As CO2 is injected into the reservoir, its spread will be influenced by heterogeneous, anisotropic permeability, and it will displace and mix with existing reservoir fluids (oil, water, and gas) resulting in pore pressure and fluid composition changes within the reservoir. Furthermore, the matrix rock of the reservoir will respond dynamically to this process, potentially with associated microseismicity signaling local deformation (e.g., fracturing or pressurization of existing fractures). Typical magnitudes of injection-related microseisms range from −4 to 0 (Maxwell et al., 2003). The preferred fluid pathways may in fact be altered by the injection process as pressure changes within the reservoir may open or close fracture systems.

Monitoring of the CO2 flood at the Weyburn field includes seismic and geochemical methods, which are intended to document as much of this dynamic process as possible. Baseline static characterization of the reservoir (e.g., porosity, permeability, fracture systems, fluid distribution) prior to injection is important in planning the flood and anticipating how it will proceed. Following flood initiation, the goal is to track the saturation and distribution of CO2 within the reservoir, assess the interaction of the CO2 with the other reservoir fluids, determine pressure variations, and identify off-trend flow so that the injection process can be adjusted accordingly. Finally, monitoring provides a means of verifying the volume of CO2 that resides within the reservoir. Efficient and complete access to the reservoir volume and avoidance of premature flow-through of CO2 to producing wells is important whether enhanced oil recovery or CO2 storage is the ultimate goal.

Geochemical Monitoring

Chemical and/or isotopic compositions of aqueous fluids and gases are being monitored and compared to pre-injection baseline measurements to trace and predict the movement of CO2 and other fluids within the reservoir. In particular, carbon isotopes (δ13C) are being used to track the spread of trace amounts of injected CO2 as a precursor of the advancing CO2 “front.” This is possible due to the distinct isotopic signature of CO213 value of −35 per mil) delivered from the synthetic fuels plant. Changes in fluid and gas compositions over time indicate that interaction is taking place between reservoir fluids, injected CO2, and reservoir rocks. For example, following the start of injection, the δ13C (HCO3) values of reservoir fluids have decreased dramatically from original values ranging from −1 to −7 per mil to values of −4 to −11 per mil (Fig. 5). The decrease in δ13C (HCO3) values is most easily attributable to the dissolution of injected CO2. For geochemical monitoring surveys conducted at times greater than eight months following the onset of injection, a very good correlation has been observed between CO2 distribution (as estimated from δ13C) and wells where CO2 has been detected in significant quantity within a period of four months following the survey (see Fig. 5).

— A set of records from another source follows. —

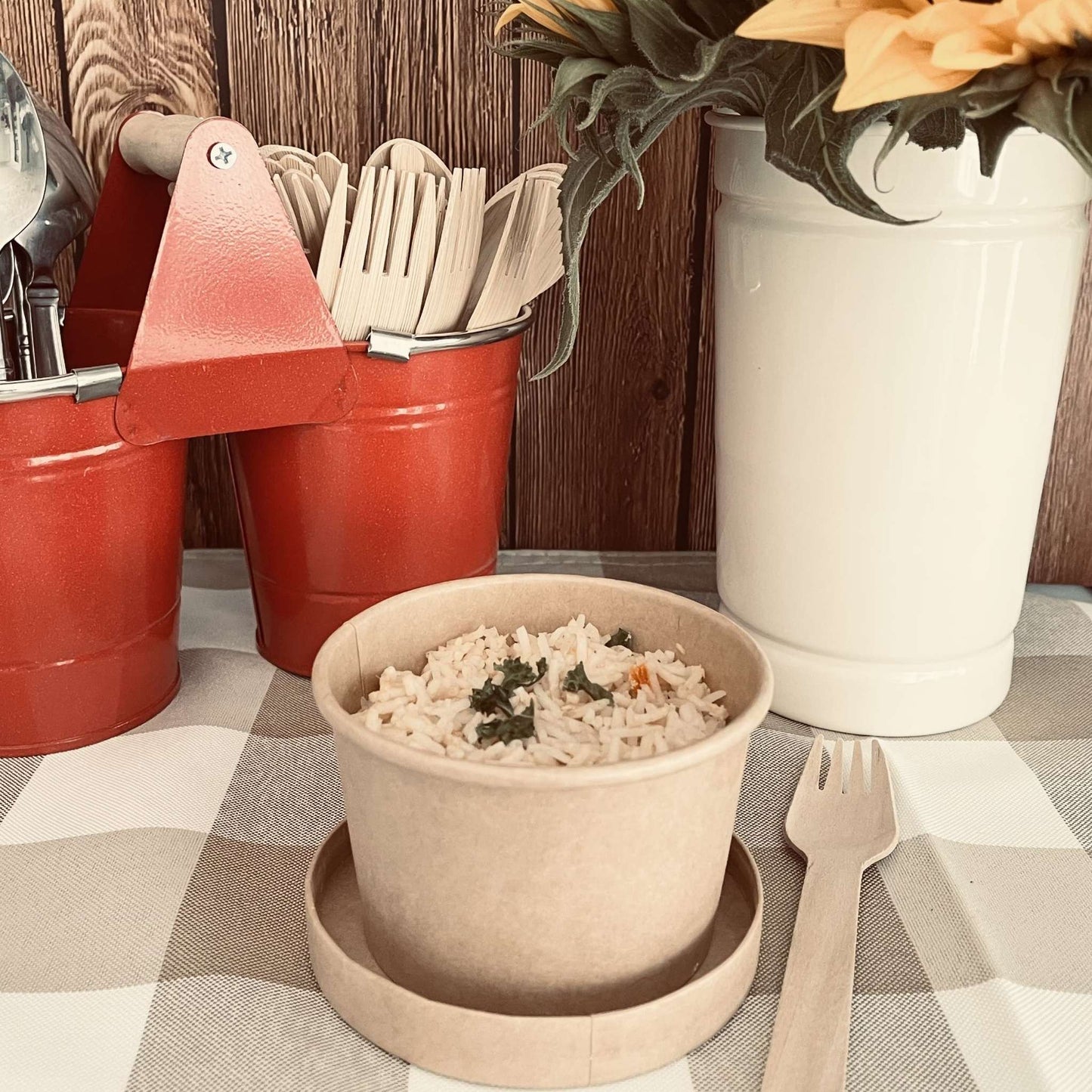12 Ounce Biodegradable Kraft Paper Soup Container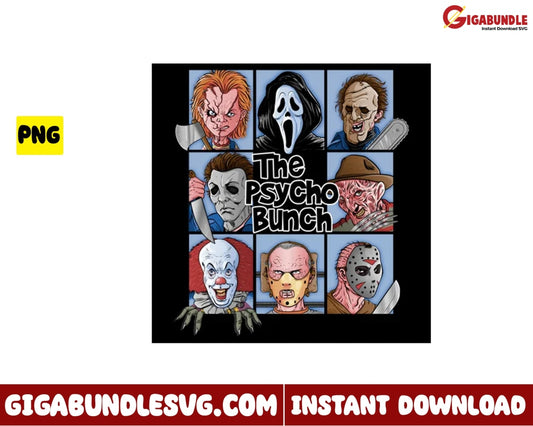 The Psycho Bunch Png Horror Face Character - Instant Download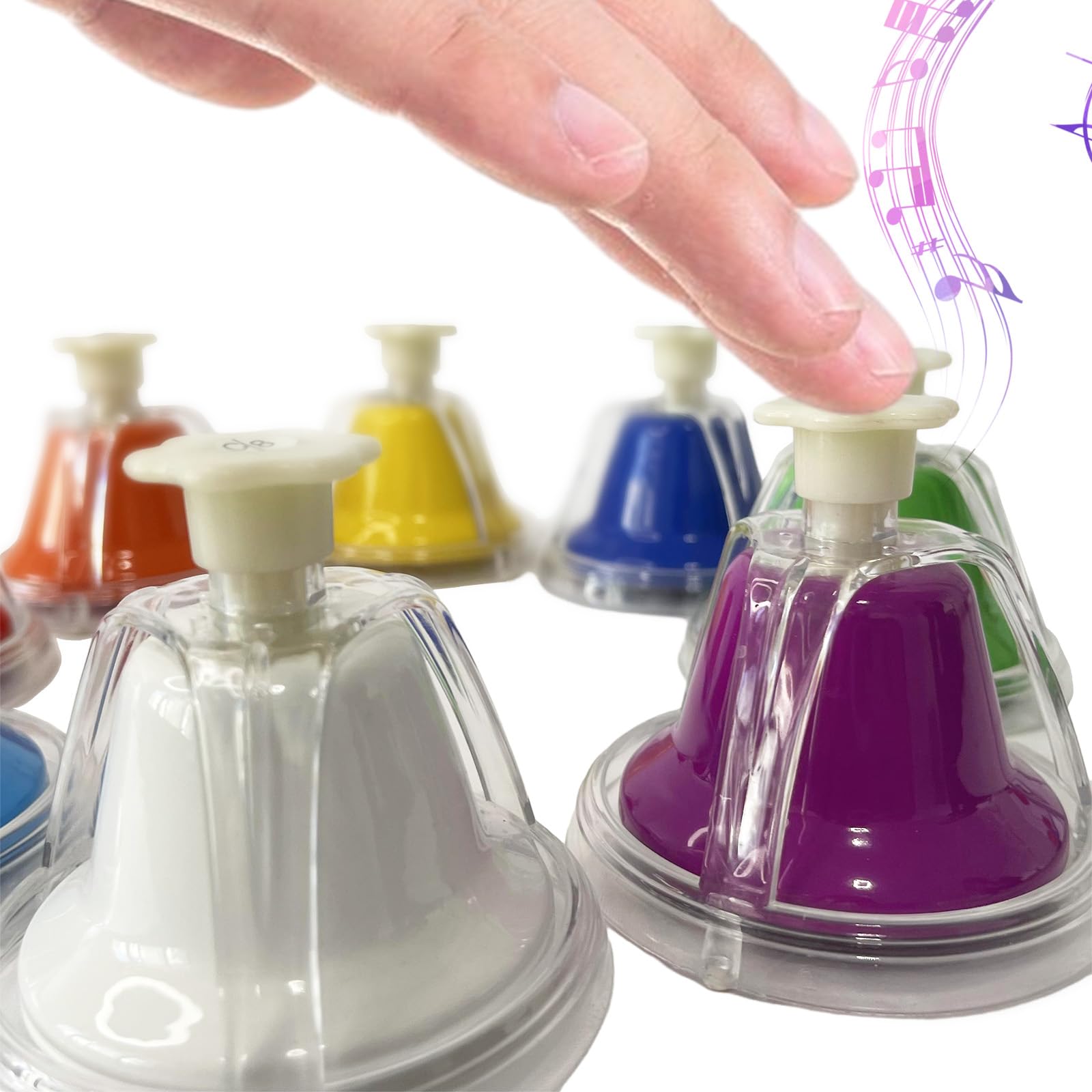 8 campanelle a mano in metallo arcobaleno – bordi lisci per musica da scrivania campane strumento a percussione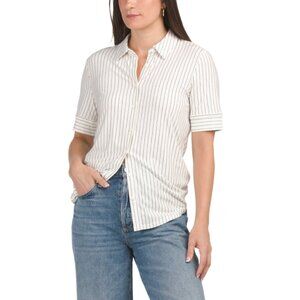 MODERN WORKS Ivory/black Short Sleeve T-shirt With Shoulder Detail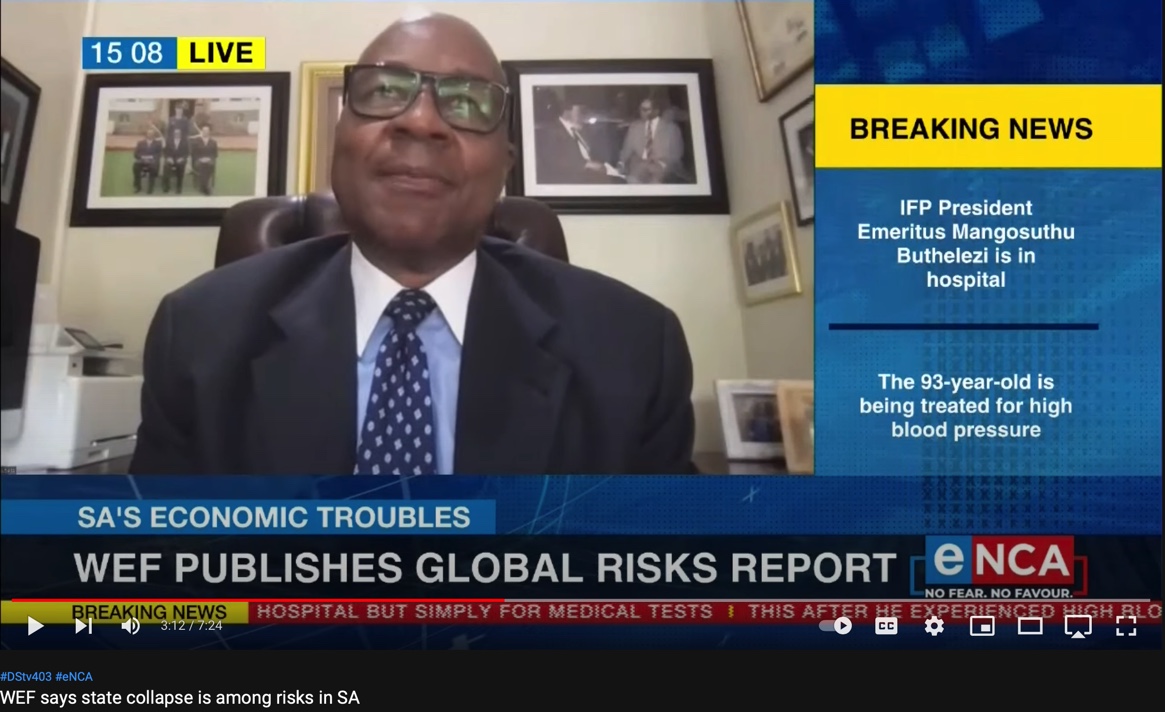 Read more about the article RiskRecon in the Media – Dr Makhubela interviewed by ENCA on WEF risk report & state failure in South Africa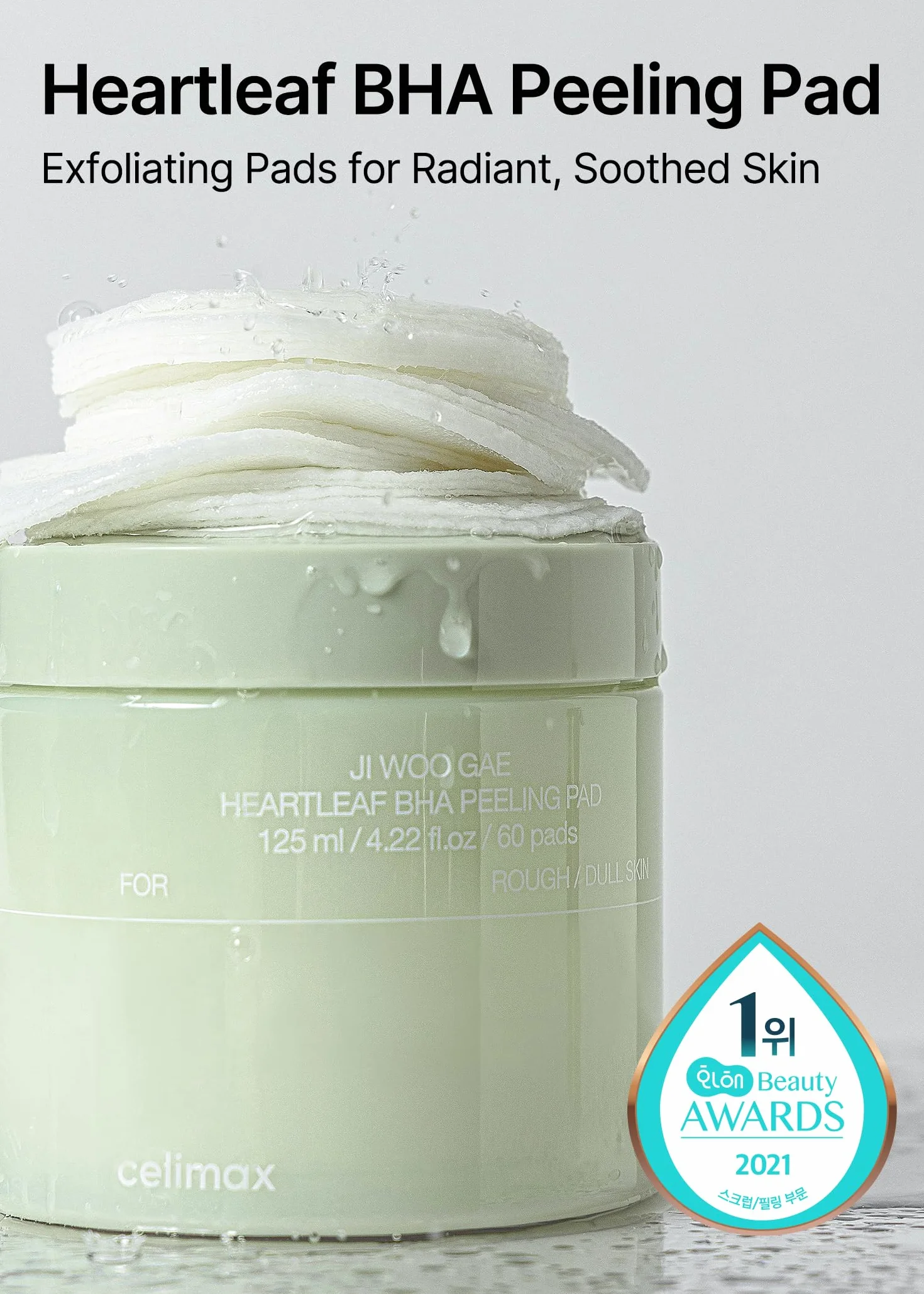 celimax Discos Exfoliantes Gae Heartleaf Bha Con Extracto De Heartleaf, Discos Tónicos Exfoliantes, Exfoliantes Faciales, Hidratantes, Para Pieles Problemáticas Y Con Brotes (60 Discos)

Pre-Injection High-Resolution Seismic Crosswell Imaging

Seismic crosswell data are intended to image variations in reservoir properties occurring on the scale of meters. Combined with borehole sonic logs (centimeter scale), vertical seismic profile data, and surface seismic data (10s of meters scale), these data will provide proper scaling relationships for understanding reservoir properties and processes at the reservoir dimensions.

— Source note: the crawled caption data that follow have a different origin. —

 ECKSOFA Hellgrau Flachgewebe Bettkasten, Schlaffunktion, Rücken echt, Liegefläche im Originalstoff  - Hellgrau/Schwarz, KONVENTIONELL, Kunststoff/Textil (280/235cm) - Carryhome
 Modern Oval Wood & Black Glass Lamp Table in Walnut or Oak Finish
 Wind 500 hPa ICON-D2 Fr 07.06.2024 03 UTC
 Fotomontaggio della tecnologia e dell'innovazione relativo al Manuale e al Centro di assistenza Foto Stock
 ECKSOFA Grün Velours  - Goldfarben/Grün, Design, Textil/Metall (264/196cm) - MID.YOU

A horizontal crosswell survey was acquired in two parallel horizontal wells (Fig. 6) in August 2000, prior to the start of CO2 injection (Majer et al., 2001; Washbourne et al., 2001; Li et al., 2001). A piezoelectric source was deployed in one well and a 48-level hydrophone string in the opposite well. The frequency band of the source was 200–2000 Hz, an order of magnitude higher than the surface seismic source. To our knowledge, this was the first-ever deployment of a large-scale crosswell survey between horizontal wells.

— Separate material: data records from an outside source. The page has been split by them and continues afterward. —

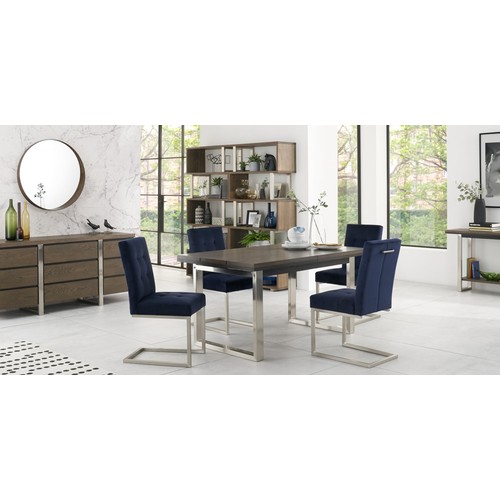 1594 - Bentley Designs Tivoli Dark Oak 6-8 Seater Table & 6 Cantilever Chairs in Dark Blue Velvet, original... 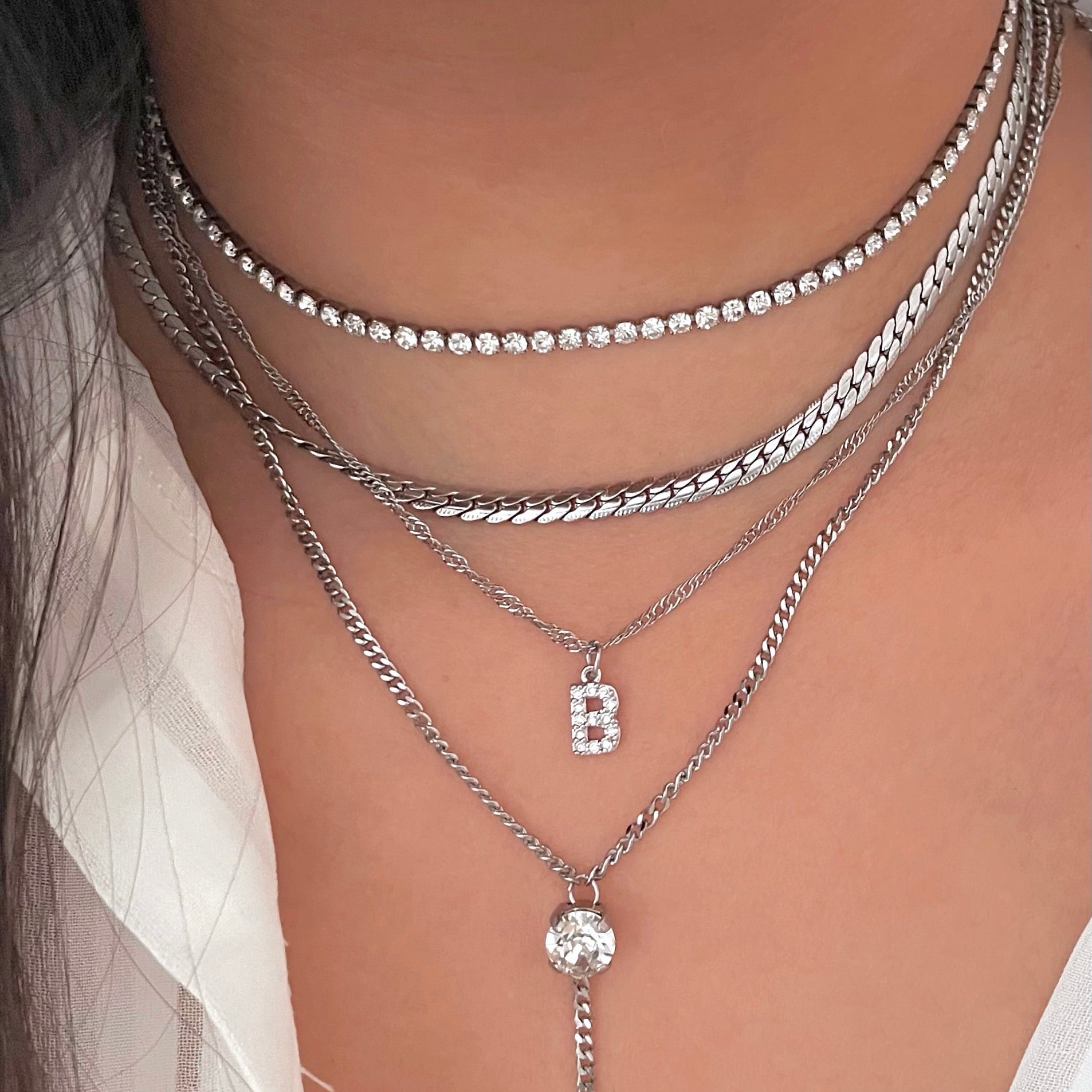 dainty waterproof silver necklaces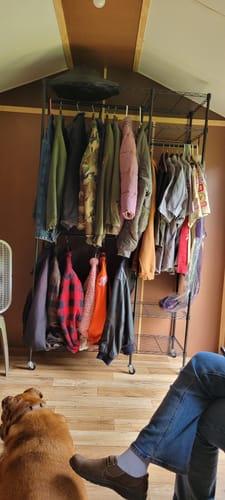 Customer photo review of Raybee Heavy Duty Portable Closet, Wire Garment Rack on wheels, Adjustable Hanging Clothes Rack, For Bedroom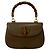 GUCCI Vintage Bamboo Turnlock Lederhandtasche Braun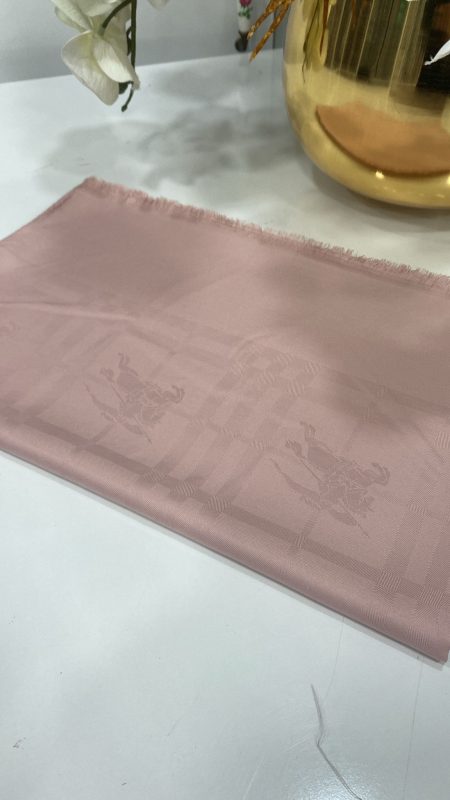 Hermes Desenli İpeksi Jakar Şal - Pamuk Şekeri - Organic ScarfsOrganic Scarfs
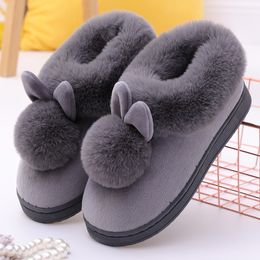 Winter thick bottom bag with indoor home slippers All black pink women's long ears single ball warm soft sole cotton slippers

The horizontal crosswells were located within the Marly unit (see Fig. 2B) of the reservoir. This layer has a much lower velocity (3.5 km/s) than the bordering layers (∼5.5–6.0 km/s) and thus acts as a waveguide for seismic energy propagating across the layer. A tomographic imaging approach was developed to use this guided or trapped wave energy. An attenuation tomogram for 500 Hz energy is shown in Fig. 6A, with a first attempt at integrating this result with the existing reservoir model shown in Fig. 6B. The tomogram has been converted from an attenuation image to permeability within the depth slice by using porosity and fluid viscosity from the reservoir model, and using Biot relationships to calculate the permeability. The resulting permeability values clearly depend on the parameters from the reservoir model and the assumed attenuation mechanisms, but the observed trends should be robust. The permeability values obtained range from 50 to 150 millidarcy which is comparable to the range of permeabilities measured within this unit (10 to 500 millidarcy). Of note, the spatial trends in the calculated permeability are at an angle to the horizontal injection wells (oriented along-trend) and are also oblique to the local seismic impedance and porosity trends (cf. Li et al., 2001), suggesting the presence of off-trend zones of enhanced permeability. It should be noted, however, that due to the acquisition geometry, the tomographic image cannot resolve permeable zones that are oriented parallel to the horizontal wells.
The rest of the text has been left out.